Kasus Miyabi seorang artis film porno yang diprotes karena akan datang ke Indonesia untuk memainkan sebuah film, yang bertema komedi, memang agak menggemaskan. Menurut gue, kenapa sih kita musti melakukan protes terhadap sesuatu yang hasilnya belum kita lihat, apakah baik atau tidak? Kenapa kita enggak justru melihat dulu ke film – film Indonesia yang sudah bertebaran. Bukankah kebanyakkan jugaberbau pornografi? Melihat dulu ke diri kita sendiri, banyak kok artis – artis kita yang memakai pakaian minim dan menampilkan gaya – gaya seronok yang tidak sepantasnya dilakukan, padahal mereka bukan dan tidak artis pornografi. Selain itu toh, tanpa adanya Miyabi, tetap ada film yang berbau pornografi yang dilulus sensorkan oleh badan film Indonesia. Pertanyaannya, kenapa enggak ini dulu yang kita perbaiki ketimbang bersibuk – sibuk ria untuk memprotes kedatangan seorang Miyabi, yang belum tentu juga memerankan film seperti yang dipikirkan oleh pikiran – pikiran kotor kita sendiri.

Gue ingat, salah satu penangkapan terhadap beberapa orang – orang yang selama ini berbicara soal agama, haram, kafir dan segalanya, justru di rumah atau di tempat dimana mereka tinggal, dan kebetulan (?) tertangkap oleh kamera, banyak majalah – majalah playboy bertebaran. Padahal sewaktu majalah tersebut diproduksi, juga banyak gelombang – gelombang protes dari bapak – bapak yang terhormat ini, yang menyatakan secara berapi  – api menyatakan soal moral dan agama.  Gue juga ingat beberapa teman – teman gue di FB yang biasanya berbicara soal ayat – ayat, juga ternyata menjadi salah satu fans gambar- gambar porno.  Nah, ini tidak ubahnya dengan kasus kedatangan Miyabi, justru saat ini kaset dvd Miyabi, meningkat penjualan nya di Indonesia secara drastis seiring dengan protes – protes kedatangan beliau.

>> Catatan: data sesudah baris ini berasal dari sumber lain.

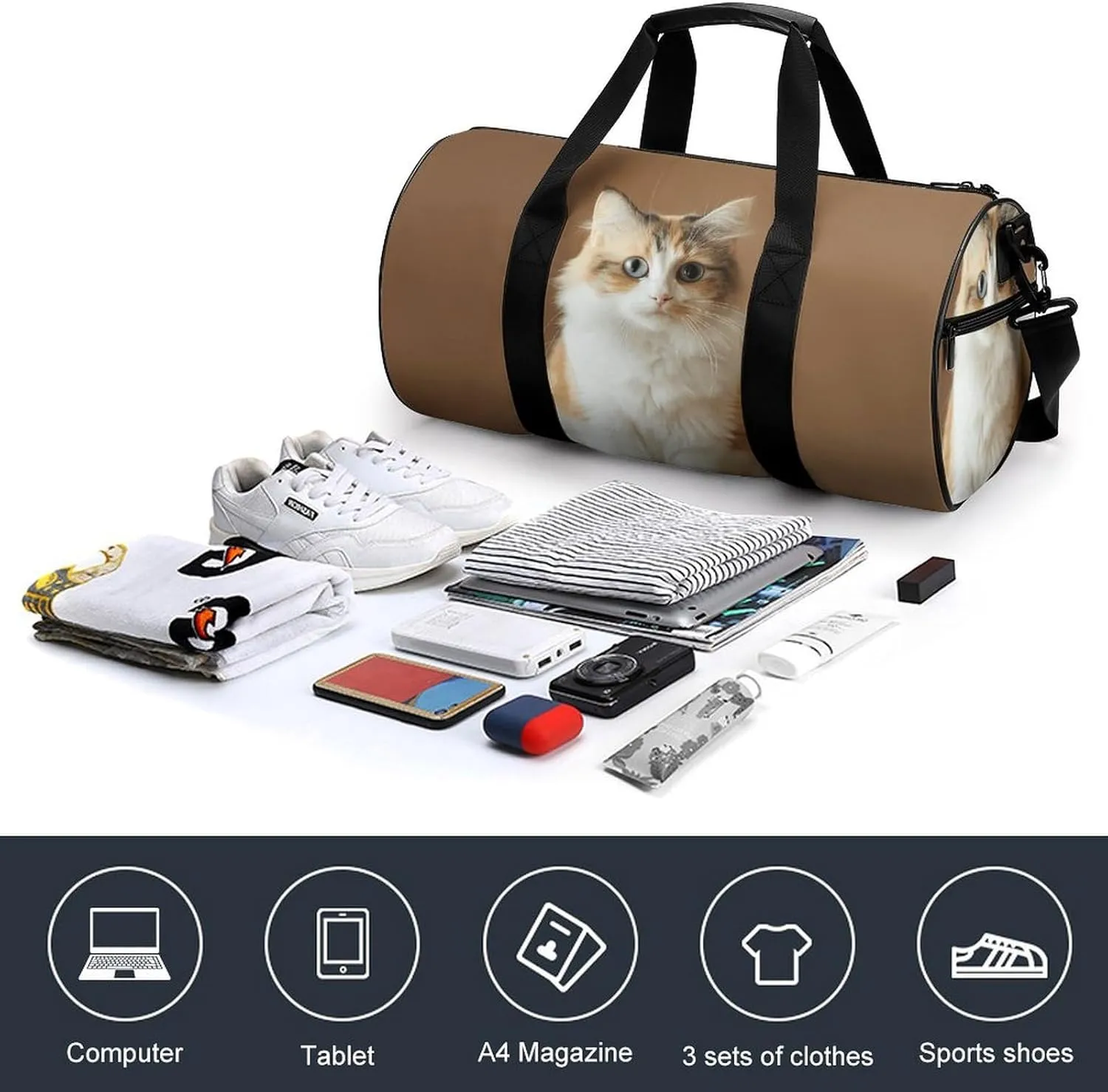 Travel Duffel Bag for Men And Women,Sit on The Table Waterproof Sports Fitness Bag Portable Travel Duffel Bag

Dan pembelian dvd  ini bisa dilakukan kapan saja, oleh siapa saja ( mulai dari anak kecil sampe orang dewasa), dan di mana saja. Seharusnya penjualan dvd, vcd porno secara bebas dilakukan di Indonesia, menjadi salah satu pemikiran kita, bagaimana cara menanggulanginya sehingga tidak ada anak – anak dibawah umur yang bisa membeli film – film seperti ini. Tanpa adanya Miyabi, film – film ini pun secara bebas mudah diperoleh. Tapi apa yang justru kita perbuat? Bukan memikirkan solusi untuk mencegah penjualan film – film secara bebas, malah kita sibuk memikirkan ketidaksetujuan kita akan kedatangan Miyabi ke Indonesia.  Miris atau tragis?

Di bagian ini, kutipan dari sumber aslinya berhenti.